_Task objective:_ Transcribe exactly the lines that fall between the one holding "La Pareja Del" and the one holding "Kansas City Wedding", inclusive, from the entries below.

(Beginning of Data supplied)

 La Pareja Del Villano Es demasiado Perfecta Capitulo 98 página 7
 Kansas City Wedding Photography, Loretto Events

(End of Data supplied)
(Beginning of Data supplied)

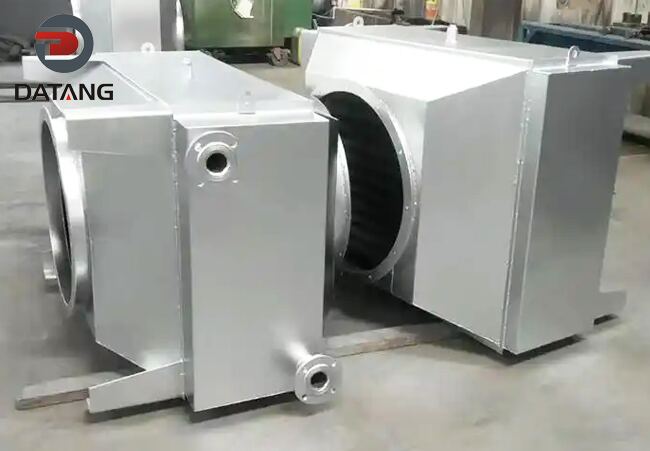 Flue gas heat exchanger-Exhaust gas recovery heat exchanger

(End of Data supplied)

_Answer to this task:_
 La Pareja Del Villano Es demasiado Perfecta Capitulo 98 página 7
 Kansas City Wedding Photography, Loretto Events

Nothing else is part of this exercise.